When you run your pipeline locally, the packages that your pipeline depends on are available because they are installed on your local machine. However, when you want to run your pipeline remotely, you must make sure these dependencies are available on the remote machines. This tutorial shows you how to make your dependencies available to the remote workers. Each section below refers to a different source that your package may have been installed from.

Note: Remote workers used for pipeline execution typically have a standard Python 2.7 distribution installation. If your code relies only on standard Python packages, then you probably don’t need to do anything on this page.

PyPI Dependencies

If your pipeline uses public packages from the Python Package Index, make these packages available remotely by performing the following steps:

Note: If your PyPI package depends on a non-Python package (e.g. a package that requires installation on Linux using the apt-get install command), see the PyPI Dependencies with Non-Python Dependencies section instead.

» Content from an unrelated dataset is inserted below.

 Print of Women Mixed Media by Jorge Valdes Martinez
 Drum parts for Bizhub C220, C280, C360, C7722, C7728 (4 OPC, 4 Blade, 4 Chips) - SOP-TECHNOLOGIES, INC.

  1. Find out which packages are installed on your machine. Run the following command:

     pip freeze > requirements.txt
    

    This command creates a requirements.txt file that lists all packages that are installed on your machine, regardless of where they were installed from.

  2. Edit the requirements.txt file and leave only the packages that were installed from PyPI and are used in the workflow source. Delete all packages that are not relevant to your code.

  3. Run your pipeline with the following command-line option:

     --requirements_file requirements.txt
    

    The runner will use the requirements.txt file to install your additional dependencies onto the remote workers.

Important: Remote workers will install all packages listed in the requirements.txt file. Because of this, it’s very important that you delete non-PyPI packages from the requirements.txt file, as stated in step 2. If you don’t remove non-PyPI packages, the remote workers will fail when attempting to install packages from sources that are unknown to them.

Local or non-PyPI Dependencies

If your pipeline uses packages that are not available publicly (e.g. packages that you’ve downloaded from a GitHub repo), make these packages available remotely by performing the following steps:

  1. Identify which packages are installed on your machine and are not public. Run the following command:

     pip freeze
    

    This command lists all packages that are installed on your machine, regardless of where they were installed from.

  2. Run your pipeline with the following command-line option:

     --extra_package /path/to/package/package-name
    

    where package-name is the package’s tarball. If you have the setup.py for that package then you can build the tarball with the following command:

     python setup.py sdist
    

    See the sdist documentation for more details on this command.

Multiple File Dependencies

Often, your pipeline code spans multiple files. To run your project remotely, you must group these files as a Python package and specify the package when you run your pipeline. When the remote workers start, they will install your package. To group your files as a Python package and make it available remotely, perform the following steps:

  1. Create a setup.py file for your project. The following is a very basic setup.py file.

     setuptools.setup(
        name='PACKAGE-NAME'
        version='PACKAGE-VERSION',
        install_requires=[],
        packages=setuptools.find_packages(),
     )
    
  2. Structure your project so that the root directory contains the setup.py file, the main workflow file, and a directory with the rest of the files.

     root_dir/
       setup.py
       main.py
       other_files_dir/
    

    See Juliaset for an example that follows this required project structure.

  3. Run your pipeline with the following command-line option:

     --setup_file /path/to/setup.py
    

Note: If you created a requirements.txt file and your project spans multiple files, you can get rid of the requirements.txt file and instead, add all packages contained in requirements.txt to the install_requires field of the setup call (in step 1).

Non-Python Dependencies or PyPI Dependencies with Non-Python Dependencies

If your pipeline uses non-Python packages (e.g. packages that require installation using the apt-get install command), or uses a PyPI package that depends on non-Python dependencies during package installation, you must perform the following steps.

  1. Add the required installation commands (e.g. the apt-get install commands) for the non-Python dependencies to the list of CUSTOM_COMMANDS in your setup.py file. See the Juliaset setup.py for an example.

    Note: You must make sure that these commands are runnable on the remote worker (e.g. if you use apt-get, the remote worker needs apt-get support).

  2. If you are using a PyPI package that depends on non-Python dependencies, add ['pip', 'install', '<your PyPI package>'] to the list of CUSTOM_COMMANDS in your setup.py file.

  3. Structure your project so that the root directory contains the setup.py file, the main workflow file, and a directory with the rest of the files.

     root_dir/
       setup.py
       main.py
       other_files_dir/
    

    See the Juliaset project for an example that follows this required project structure.

  4. Run your pipeline with the following command-line option:

     --setup_file /path/to/setup.py
    

Note: Because custom commands execute after the dependencies for your workflow are installed (by pip), you should omit the PyPI package dependency from the pipeline’s requirements.txt file and from the install_requires parameter in the setuptools.setup() call of your setup.py file.